In Italia il 44,3% degli spostamenti lavorativi avvengono da fuori comune. Pensa dunque che il servizio di bike sharing dovrebbe essere integrato con quello ferroviario e dei bus?
«La mobilità deve essere costitutivamente progettata in modo sistemico e intermodale, i sistemi di bike sharing – in generale – lo sono perché si propongono di coprire il cosiddetto “ultimo miglio”, tema su cui  vi invitiamo a leggere il report dell’European Environment Agency dello scorso anno. In estrema sintesi, l’integrazione tra i diversi mezzi di mobilità deve essere assicurata, ecco perché sviluppare ed implementare servizi ad hoc utili a coprire i brevi tragitti significa migliorare la mobilità urbana e, parallelamente, anche la qualità di vita di tutti i cittadini (meno traffico e migliore qualità dell’aria)».

Ieri avete pubblicato un contenuto sul vostro sito dal titolo Mobilità SOStenibile: visione duratura e sistemica cercasi. Qual è la vostra speranza?
«Esattamente i temi di cui si sta trattando: lanciare un appello per la rigenerazione ambientale delle nostre città. Continuare a ribadire la necessità di una visione sistemica di mobilità, in ottica sostenibile ed ecologica, approfittare di questo momento di crisi per rivedere le priorità, ridisegnarle insieme ai portatori di interesse (cittadini, associazioni, etc) ed attuare politiche che incentivano l’utilizzo di mezzi alternativi ed ecologici. Parallelamente vogliamo lavorare anche per incentivare il verde nelle nostre città, lavorare con i Comuni per una gestione del verde urbano e una pianificazione sostenibile, per creare una nuova visione di equilibrio tra uomo e natura, anche in aree fortemente urbanizzate.
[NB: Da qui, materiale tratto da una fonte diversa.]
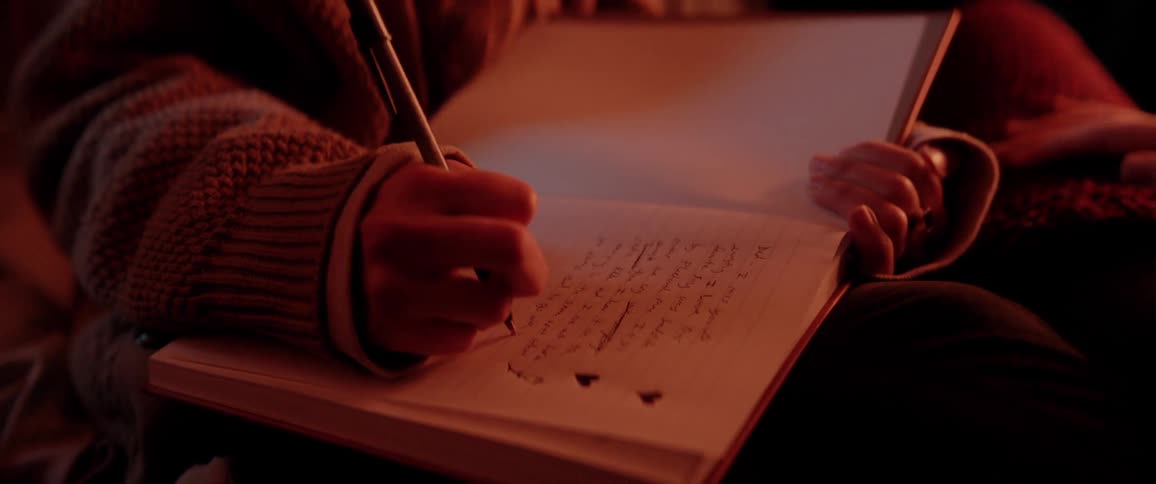 White woman writing on her notebook close to a fire place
Orti urbani di quartiere o scolastici, giardini verticali (o orizzontali, ma sui terrazzi). Ripensare gli Habitat urbani, come molte città stanno facendo, vedi Madrid».
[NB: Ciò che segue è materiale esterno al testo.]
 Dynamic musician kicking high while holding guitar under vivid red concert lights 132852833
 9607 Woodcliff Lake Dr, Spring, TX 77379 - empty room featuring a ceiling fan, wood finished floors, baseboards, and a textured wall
Nonostante sia arrivato da più parti l’invito ad utilizzare un servizio di bike sharing per la fase 2 e il futuro post emergenza, c’è chi dice che a Napoli è un esperimento già fatto che non ha funzionato bene. Cosa rispondete?
«A Napoli l’unico tentativo di bike sharing, in versione limitata a 10 stazioni, quindi pilota e sperimentale è stato fatto da noi e ci risulta sia andato molto bene: la sperimentazione è stata aperta a cittadini e turisti tra gennaio 2015 e  settembre 2015, data di conclusione di tutti i progetti dello stesso bando Smart Cities and Communities and Social Innovation del Miur. Qui abbiamo visto  oltre 51.000 sessioni, per un tempo complessivo di 12451 ore 39 minuti: per rendere l’idea, i napoletani hanno fatto circa 3 volte il giro del mondo in bicicletta! 14614 persone ci hanno dato fiducia, si sono iscritte alla sperimentazione e la loro partecipazione (in termini di feedback, suggerimenti, criticità, risoluzione bug) è stata al di là di ogni aspettativa. Se si paragona il nostro progetto di ricerca al lavoro che fanno le multinazionali (es. vedi Jump di Uber a Roma) o le azienda di mobilità (es. BikeMi dell’Atm a Milano) si fanno degli errori a monte. Ieri abbiamo pubblicato questo post e la risposta di tantissimi è stata di supporto, ringraziamento e tanto affetto per una sperimentazione che ha funzionato, potete leggere i tanti commenti positivi sotto ai nostri post sui social e approfittiamo per ringraziare tutti. Proprio quei commenti e il supporto delle persone ci motivano ogni giorno a rivendicare queste tematiche importanti e non smettere mai di avere la speranza di tornare a pedalare, a prescindere dalla nostra esperienza pilota con il progetto Bike Sharing Napoli che speriamo – però – non vada persa».